● **The input**:
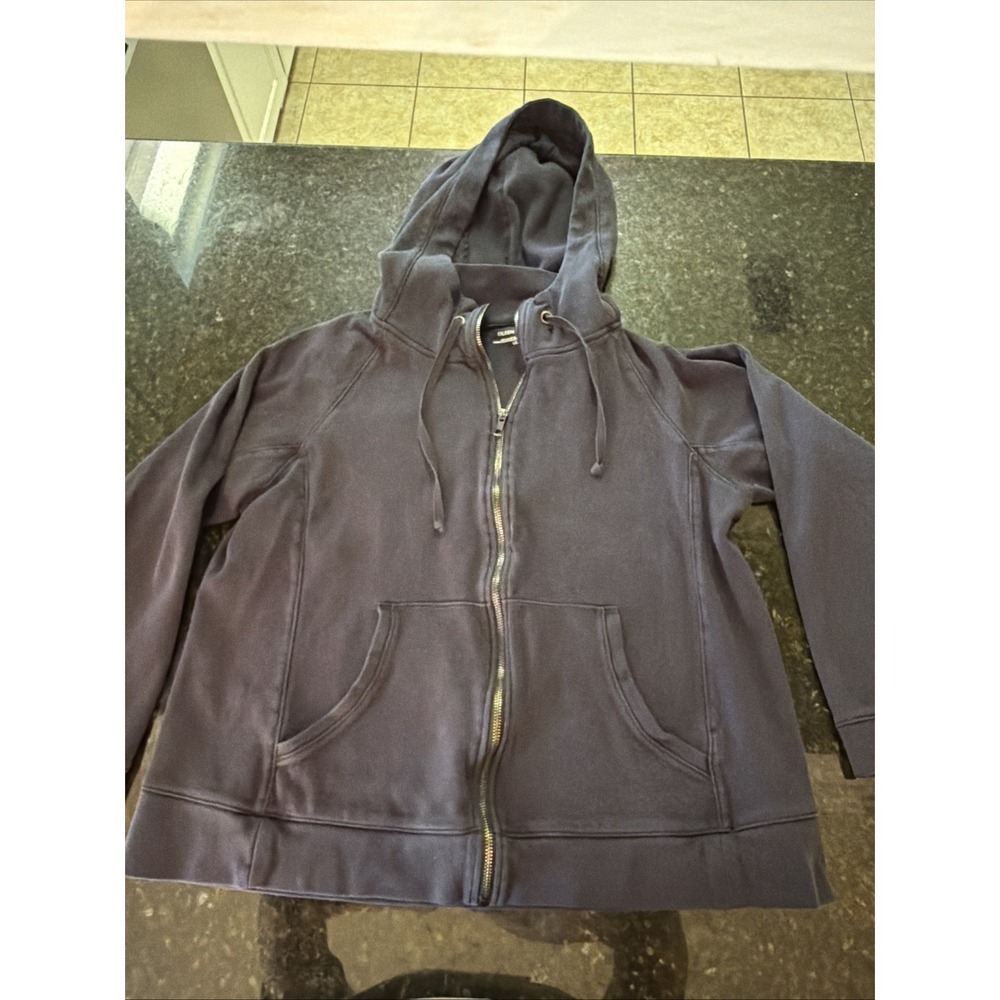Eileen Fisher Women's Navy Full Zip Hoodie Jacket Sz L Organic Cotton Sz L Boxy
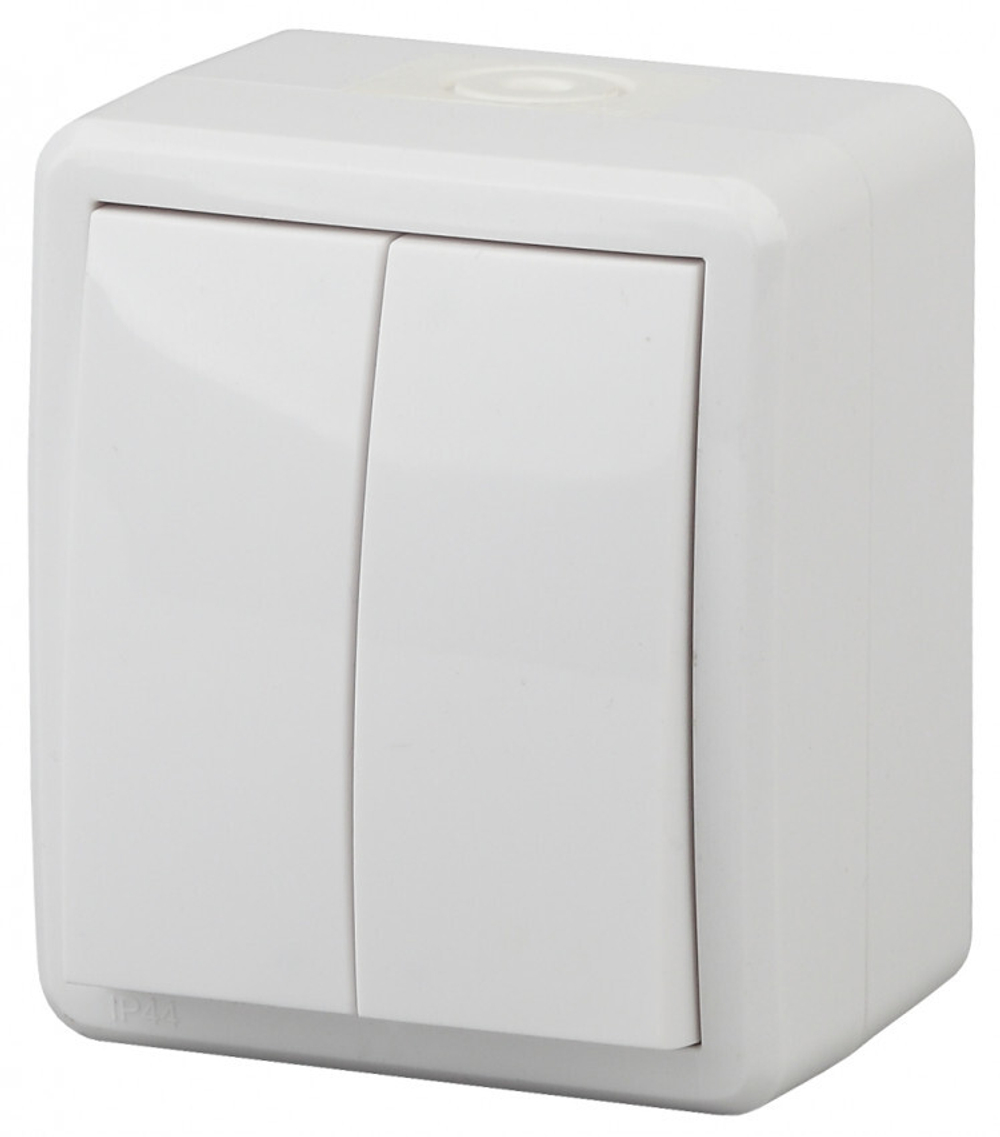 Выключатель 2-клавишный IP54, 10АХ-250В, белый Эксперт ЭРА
---
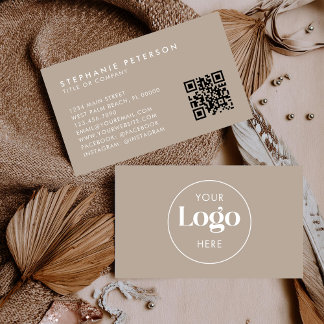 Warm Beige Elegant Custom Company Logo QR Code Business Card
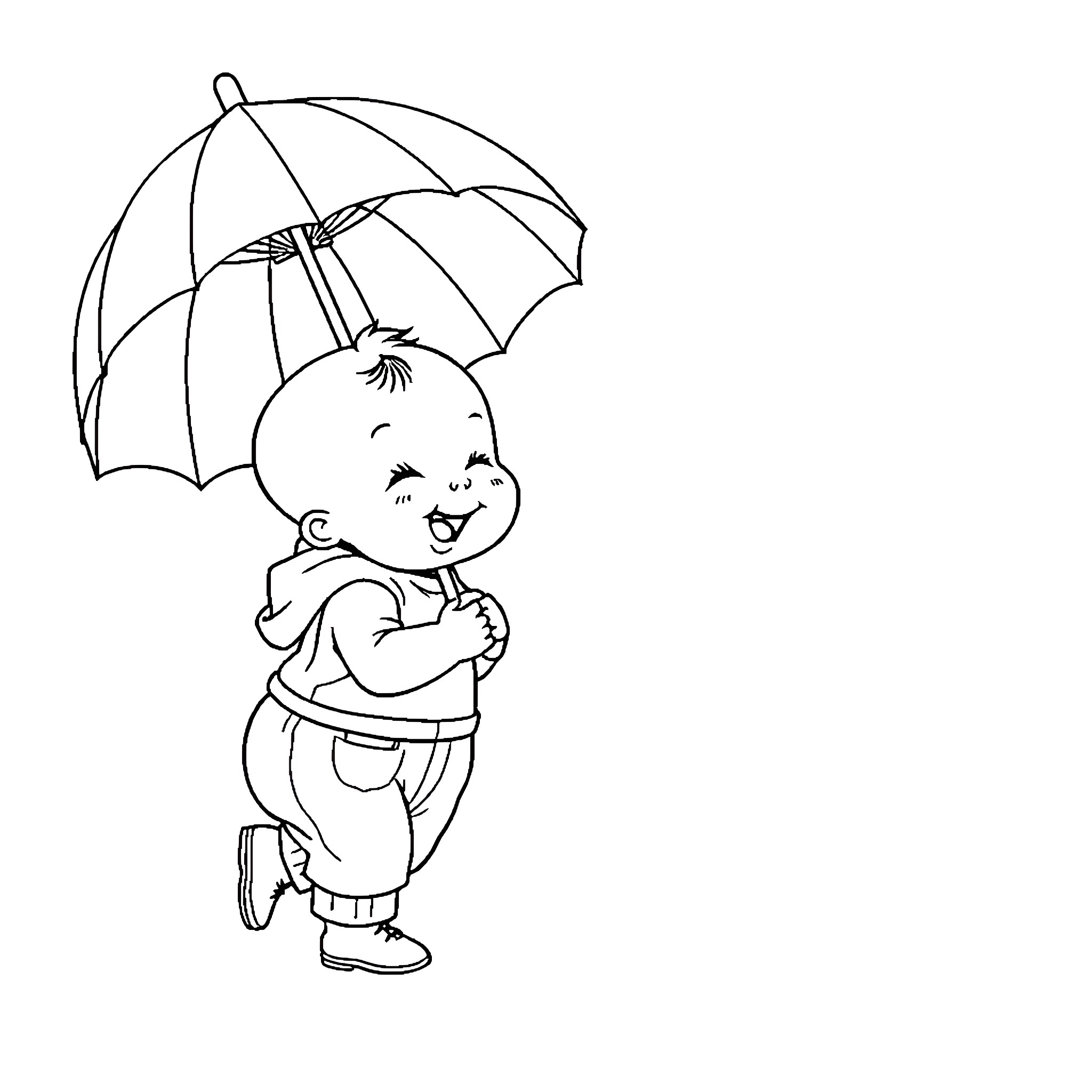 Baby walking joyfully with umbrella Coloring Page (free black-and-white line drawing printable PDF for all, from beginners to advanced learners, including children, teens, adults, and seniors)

● **Exercise directions**: Using the listing above, reproduce word for word every line from the one containing "Eileen Fisher Women's" through the one containing "Выключатель 2-клавишный IP54, 10АХ-250В, белый". Pictures must be left out.

● **Answer below**:
Eileen Fisher Women's Navy Full Zip Hoodie Jacket Sz L Organic Cotton Sz L Boxy
 Выключатель 2-клавишный IP54, 10АХ-250В, белый Эксперт ЭРА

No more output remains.